[[ Provided material, beginning ]]

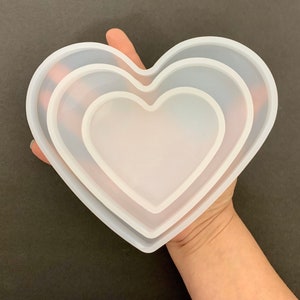 Heart Silicone Resin Mold Large ,Medium, Small or XSmall
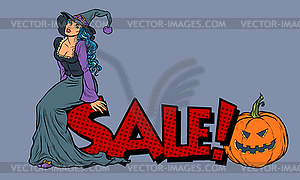 Halloween sale. Witch and pumpkin - stock vector clipart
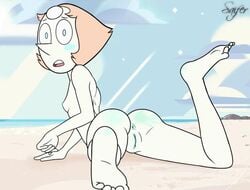 1girls accurate_art_style anus ass backboob beach blush blushing breasts embarrassed embarrassed_nude_female feet female_only nipples pearl_(steven_universe) pussy red_hair saifernsfw slap_mark small_breasts steven_universe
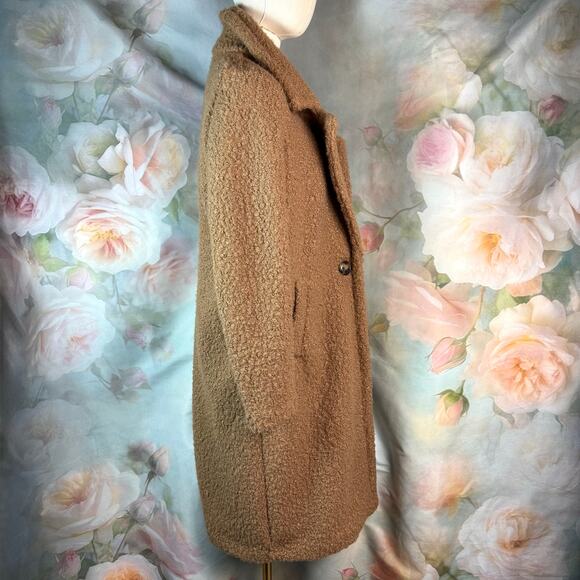 NWT Dynamite Manteau Teddy Bear Brown Long Coat In Pebble Stone - Picture 3 of 7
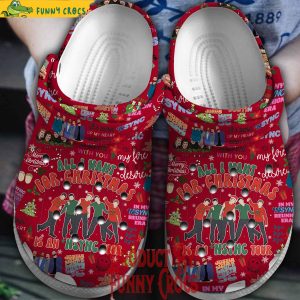 All I Want For Christmas Nsync Red Crocs 1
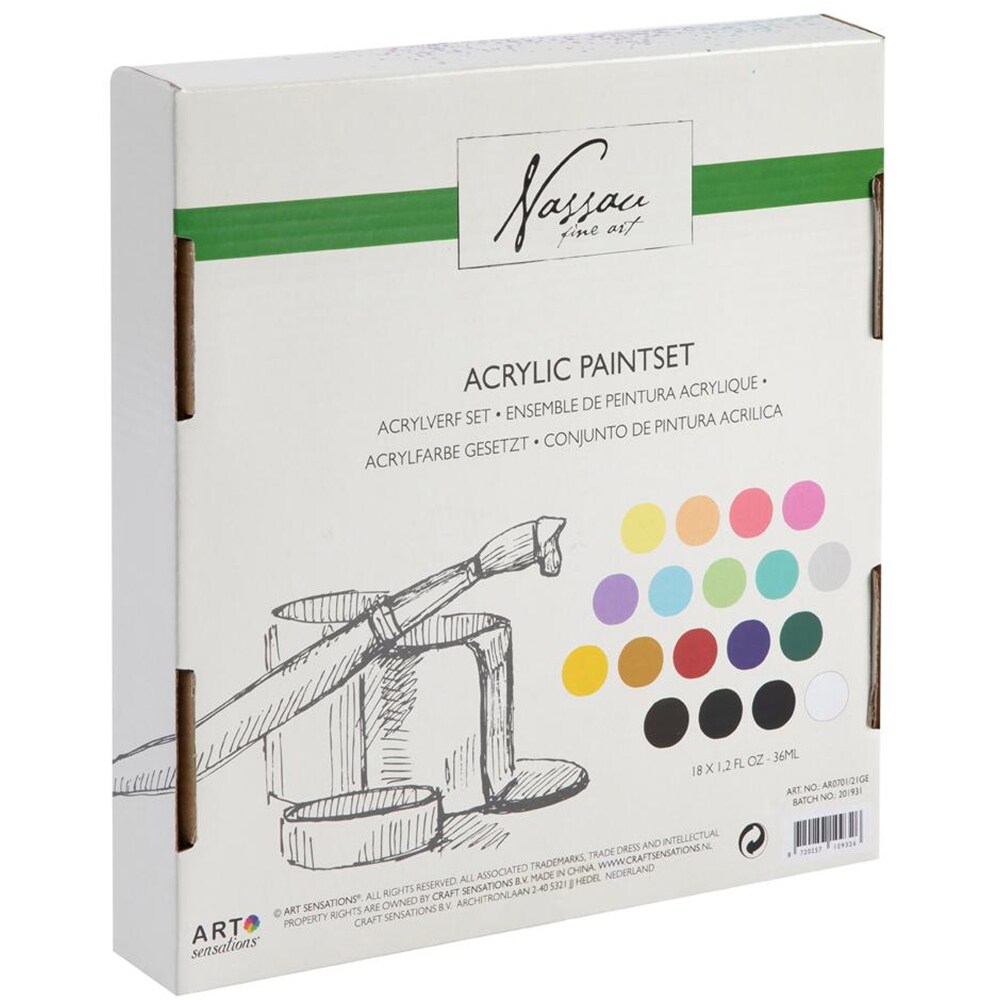 Set acrilice NASSAU Fine Art, 36 ml, 18 culori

[[ Provided material, end ]]

## Directions
Starting with the line that holds "All I Want For Christmas Nsync Red Crocs 1", transcribe exactly each line through the last one of the material above, and nothing else. Do not include pictures.

## Output for this task
 All I Want For Christmas Nsync Red Crocs 1
 Set acrilice NASSAU Fine Art, 36 ml, 18 culori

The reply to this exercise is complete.